Enginursday: Cardboard Circuits
Affordable, consumable, single-layer PCB design!
Maker education is something very close to my heart. It is a gateway to STE(A)M fields and a great way to learn creative problem solving. Two of the traditional challenges --- barriers to entry --- of bringing electronics into maker education are cost and accessibility.
This week I have been experimenting with different ways to drastically reduce cost and increase accessibility with custom circuit stickers and cardboard circuits that don't remove the circuit design in the process of exploration and play. The idea for cardboard circuits came from DIY Electronic Modules for Tinkerers on Microsoft's GitHub. And the stickers came from the cost constraint of something like $0.25/circuit.
I'm using the Silhouette Curio, a programmable vinyl and paper cutter, to cut through copper tape. It isn't a trivial piece of equipment, and it is costly at $120 (on sale at Michaels). I still haven't wrapped my head around the software either, which is why the current stickers don't look so nice (but they work!). The end-game is to hammer out the 10 or so essential beginner circuits and get those designs to a die-cutting sticker manufacturer.

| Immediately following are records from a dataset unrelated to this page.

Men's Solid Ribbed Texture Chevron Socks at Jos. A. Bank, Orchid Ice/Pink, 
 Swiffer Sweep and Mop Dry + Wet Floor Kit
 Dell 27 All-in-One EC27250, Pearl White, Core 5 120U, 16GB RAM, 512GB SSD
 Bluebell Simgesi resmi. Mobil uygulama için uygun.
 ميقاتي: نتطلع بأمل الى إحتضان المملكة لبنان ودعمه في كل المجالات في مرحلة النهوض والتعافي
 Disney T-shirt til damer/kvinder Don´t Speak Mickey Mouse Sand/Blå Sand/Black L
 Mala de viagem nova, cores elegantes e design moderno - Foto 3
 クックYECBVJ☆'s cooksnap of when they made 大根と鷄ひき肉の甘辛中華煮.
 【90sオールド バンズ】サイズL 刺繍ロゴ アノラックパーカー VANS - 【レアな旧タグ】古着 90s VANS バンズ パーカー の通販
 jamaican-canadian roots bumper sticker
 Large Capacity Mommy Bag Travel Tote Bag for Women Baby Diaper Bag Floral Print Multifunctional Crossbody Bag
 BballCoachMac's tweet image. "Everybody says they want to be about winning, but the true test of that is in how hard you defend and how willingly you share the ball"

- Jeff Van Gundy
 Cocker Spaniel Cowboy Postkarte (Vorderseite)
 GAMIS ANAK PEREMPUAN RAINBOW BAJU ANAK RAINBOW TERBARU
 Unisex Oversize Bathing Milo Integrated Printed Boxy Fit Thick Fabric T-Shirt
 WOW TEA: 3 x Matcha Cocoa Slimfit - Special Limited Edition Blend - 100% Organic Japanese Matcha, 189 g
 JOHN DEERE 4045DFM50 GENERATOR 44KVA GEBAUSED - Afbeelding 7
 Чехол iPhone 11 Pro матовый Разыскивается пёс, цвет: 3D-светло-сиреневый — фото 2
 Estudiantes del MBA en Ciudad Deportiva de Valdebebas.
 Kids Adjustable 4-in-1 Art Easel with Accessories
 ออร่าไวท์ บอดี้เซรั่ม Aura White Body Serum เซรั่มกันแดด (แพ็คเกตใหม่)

At first, I was soldering the parts to the copper tape. Without soldering, a tiny dab of jewelry glue and then Bare Conductive paint dabbed over the connection worked great. I'm now experimenting with mixing different glues in with the conductive paint and characterizing the results.
The micro:bit is a great piece of introductory hardware priced just right at $14.95 and packed with tons of attractive features. One of the features I'm most fond of is how agnostic it is toward programming environments. Beginners can choose the block-based/JavaScript IDE MakeCode developed by Microsoft or the MicroPython IDE, while more advanced programmers can use MicroPython or straight C++ on the mbed platform.
The six teachable moments in microcontroller basics have been drilled into me so well by Jeff Branson that I can't escape them --- and they hold to be very effective when teaching. They are:
Input/Output
Analog/Digital
Read/Write
With these six themes, I created the modules. I've organized the pile by type: rounds are inputs, and rectangles are outputs. For the inputs I made an Electret Mic BOB module, a two-button board module, a photocell module, a switch module and a tilt sensor module. For the outputs I made a buzzer module, an RGB LED module, a servo module and a larger speaker module.
I also have this weird thing --- the bigger something is, the easier it is for me to understand it. Troubleshooting a problem on a breadboard usually means ripping up and starting over. With everything connected through alligator clips and visible/large/labeled traces it is much easier.
As I continue to develop around this idea, I want to incorporate ways to up the difficulty. Currently these are single layer, but with the addition of paper or more cardboard and possibly the use of coiled paper clips to use as vias, the concept of multilayered PCB design can be explored. I'm also looking into creating a "library" of through-hole and SMD parts for the Curio machine. I want to get an ATmega 328 DIP in some cardboard and see what I can come up with.
The goal is to not abstract the circuit design as part of the process of learning microcontroller basics and to take a more holistic approach (cost and accessibility included) to learning about circuits and programming.